As instituições tentam preservar o problema ao qual são a solução
Instituições criadas para resolver um problema muitas vezes evoluem para preservá-lo, argumentam leitores em resposta a um artigo sobre o “princípio de Shirky”. Muitos apontam exemplos que vão de software de impostos, saúde, serviços para pessoas em situação de rua e contratos de defesa a sindicatos, ONGs e grandes corporações, observando como modelos de financiamento, captura regulatória e incentivos perversos recompensam a gestão dos problemas em vez de sua eliminação. Outros ressaltam que isso não é inevitável: estratégias claras de saída, concorrência forte, melhor desenho de métricas e mandatos por tempo limitado podem conter a tendência das burocracias de priorizar sua própria sobrevivência em vez de sua missão original.
Escopo e Validade do Princípio de Shirky
- Muitos concordam que o padrão é real, mas não universal: algumas organizações de fato eliminam problemas ou mudam para novas missões.
- Vários argumentam que isso é basicamente uma reformulação de “incentivos perversos” / “risco moral”, ou da Lei de Ferro da Burocracia de Pournelle, e não algo fundamentalmente novo.
- Outros destacam o viés de sobrevivência: organizações que não protegem seu nicho desaparecem, então vemos principalmente as que se autopreservam.
Incentivos, Dinheiro e Poder
- Tema central: o pagamento, o status e a identidade das pessoas estão ligados à استمرارência do problema, então soluções que realmente o encerram são desencorajadas.
- Isso é visto em instituições de caridade, ONGs, serviços para pessoas em situação de rua, o “complexo industrial da pobreza”, saúde e contratos de defesa: muita receita depende de problemas persistentes.
- Vários observam que o motivo do lucro não é आवश्यक; prestígio, número de funcionários e poder burocrático podem desempenhar o mesmo papel.
Governo vs. Setor Privado
- A discussão se divide sobre se o artigo mira demais o governo enquanto usa exemplos majoritariamente do setor privado.

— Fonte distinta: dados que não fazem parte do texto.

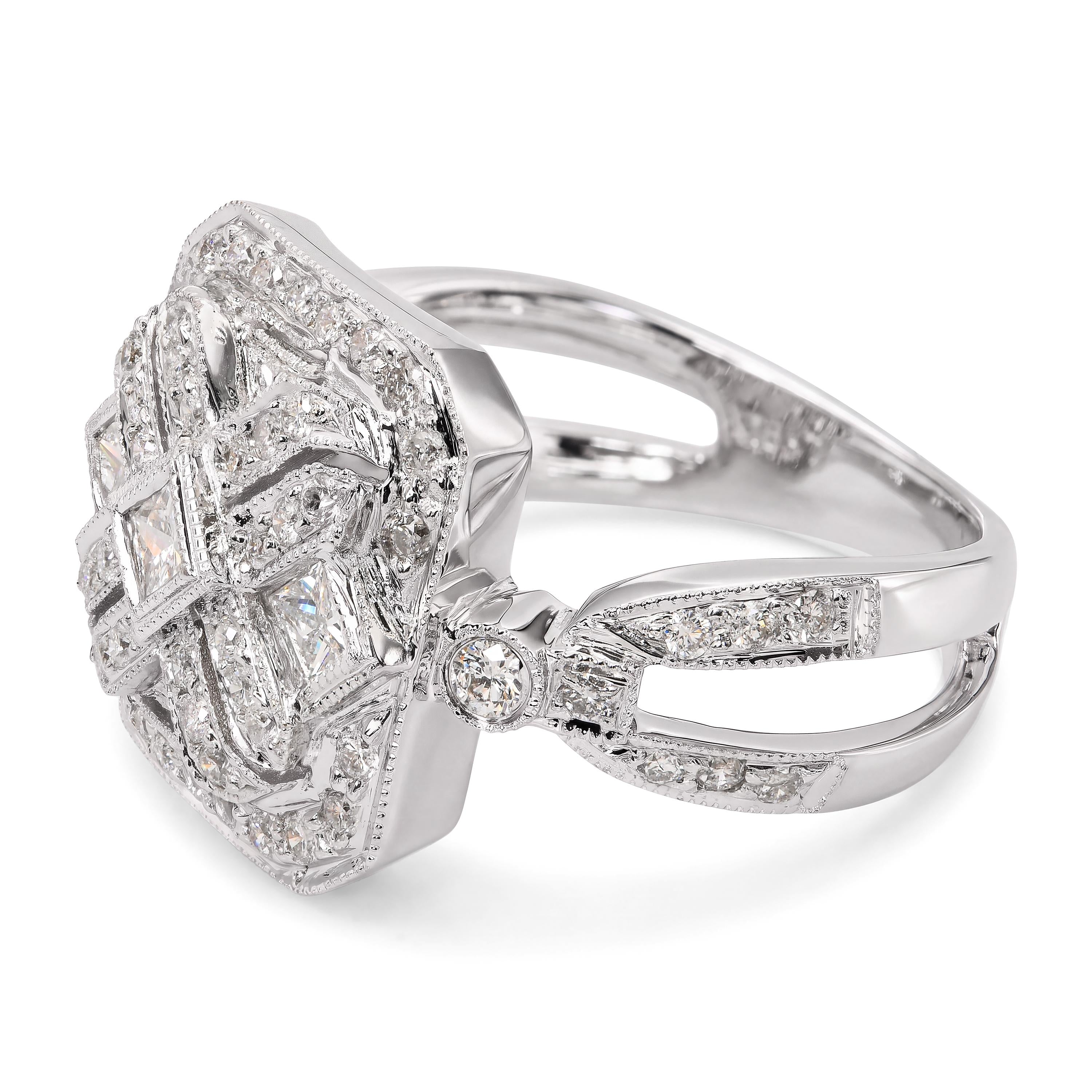 18k White Gold Prisma Diamond Pave Ring
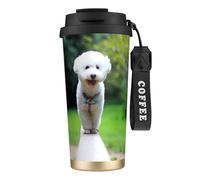 YXDVPALNE Bichon Frise Bokeh Animali Domestici Cani Parco Cani Bianchi,Tazza da caffè in acciaio inossidabile 316 con cordino, bicchiere termico da viaggio per auto, 500 ml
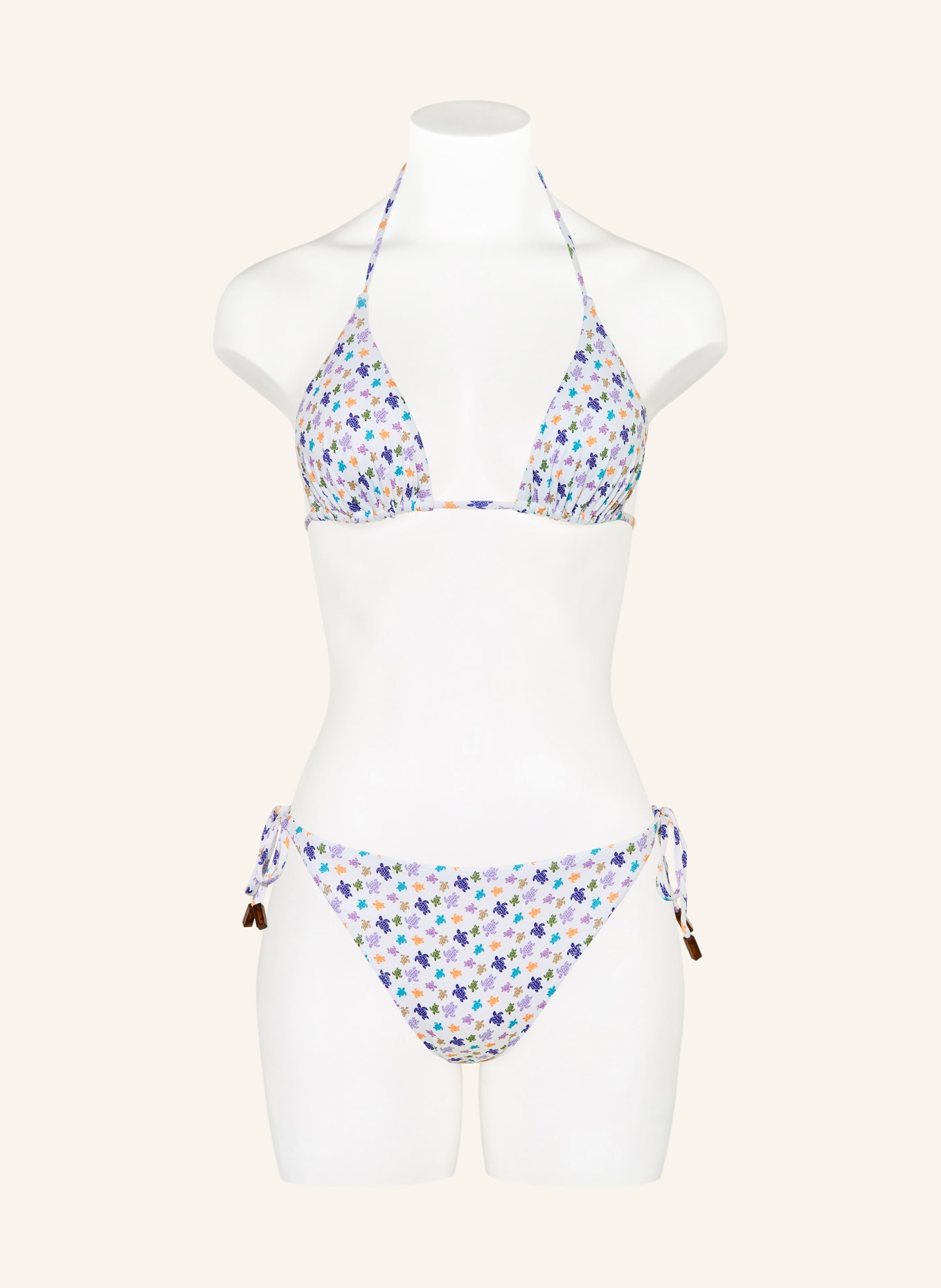 VILEBREQUIN Haut de bikini triangle MICRO FLEUR: BLANC / LILAS CLAIR / BLEU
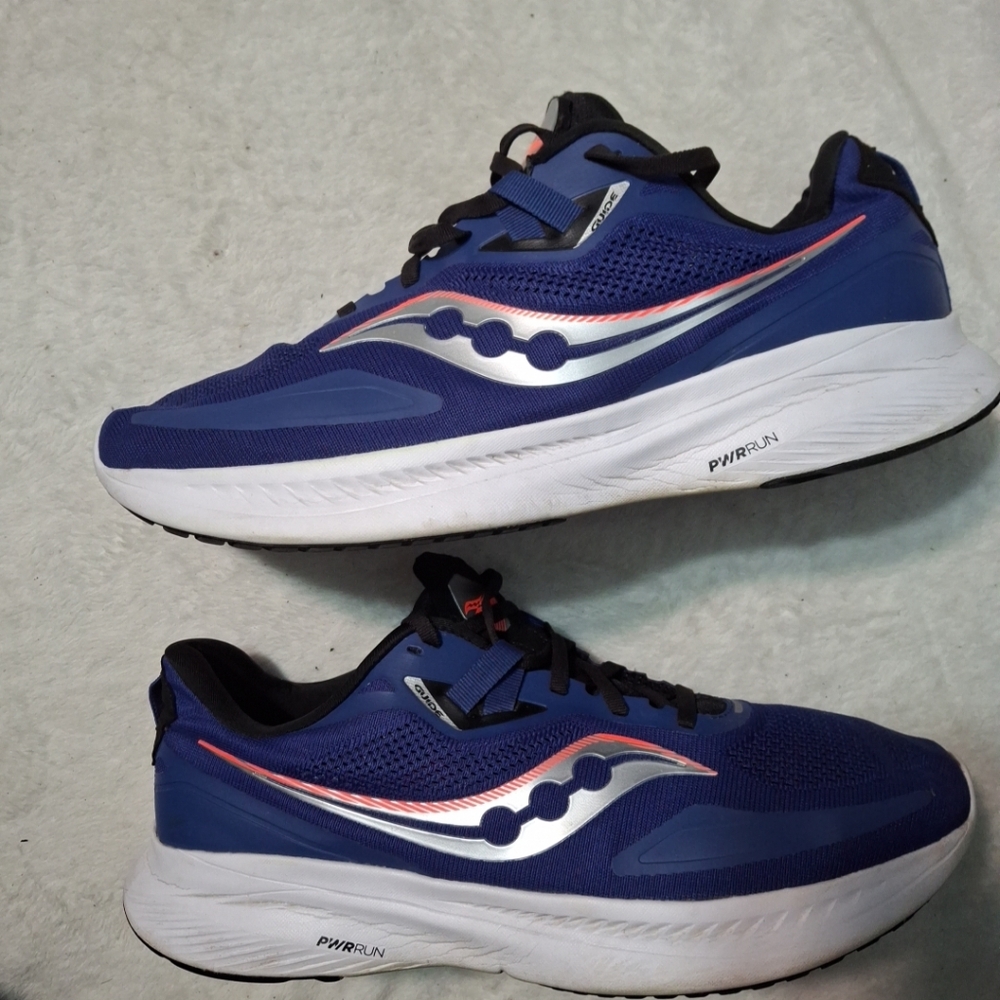 Saucony Guide 15 Running Shoes Blue Saphire Vizi Red Mens Sz 12W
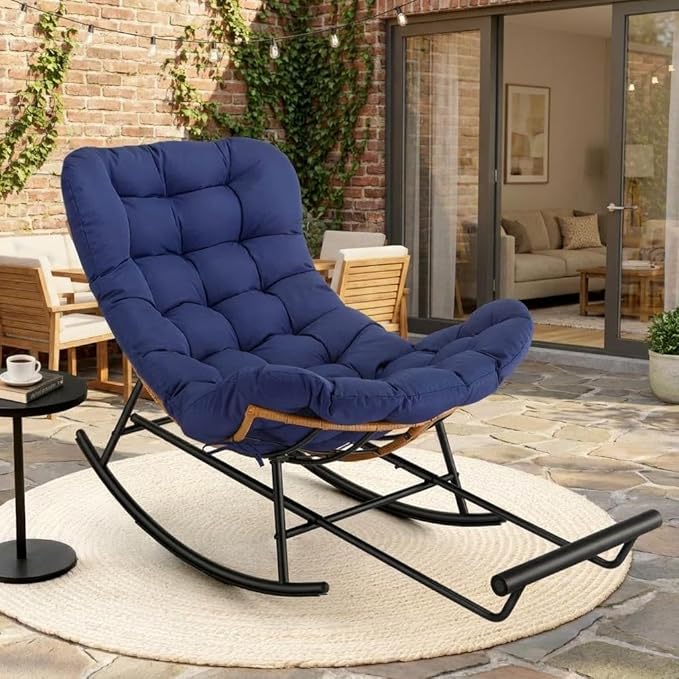 Jojoka Oversized Papasan Rocking Chair with Integrated Detachable Foot Rest, Thick Removable Cushion, PE Rattan Metal Frame Lounge Chair for Indoor Outdoor Patio, Garden, Porch, Living Room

- Alguns afirmam que as instituições públicas são piores porque não “saem do mercado”; outros respondem que as corporações são tão ruins quanto por meio de captura regulatória, oligopólios e busca de renda.
- Exemplos citados dos dois lados: empresas de declaração de imposto, saúde/seguro nos EUA, contratantes de defesa, sindicatos, UNRWA, ONGs de assistência a pessoas em situação de rua, TSA, gestão de resíduos, etc.
Exemplos, Quase-Exemplos e Ideias Relacionadas
- Recompensas por cobras/ratos e histórias semelhantes são frequentemente citadas; alguns argumentam que são casos mais claros de incentivos perversos/lei de Goodhart, e não de instituições preservando deliberadamente os problemas.
- Outras referências: spam vs. setor anti-spam, “guerra às drogas”, empresas de preparação de impostos bloqueando a simplificação do IRS, ONGs em contextos de pobreza ou refugiados e financiamento de pessoas em situação de rua em cidades dos EUA.
- Contraexemplos: erradicação da varíola, certas fundações e campanhas de doenças que atingiram seus objetivos e se dissolveram ou foram redirecionadas de forma limpa.
Indivíduos e Dinâmicas Internas
- Vários observam que indivíduos se comportam de forma semelhante: protegem projetos de estimação e custos irrecuperáveis, resistem a mudanças de rumo após investir anos de esforço e temem perder o emprego se seu trabalho tiver sucesso “demais”.
- Uma observação recorrente: duas classes dentro das organizações — os dedicados à missão vs. os dedicados à organização; os últimos tendem a capturar o controle ao longo do tempo.
Mitigações Propostas
- Alavancas sugeridas: mandatos com prazo determinado, “estratégias de saída”, modelos de pagamento só em caso de sucesso, subsídios fixos ou decrescentes, concorrência mais forte, critérios explícitos de encerramento e melhor desenho de incentivos.
- Outros alertam que isso é difícil: as métricas são manipuladas (lei de Goodhart), e as próprias camadas de supervisão se tornam novos sistemas autopreservadores.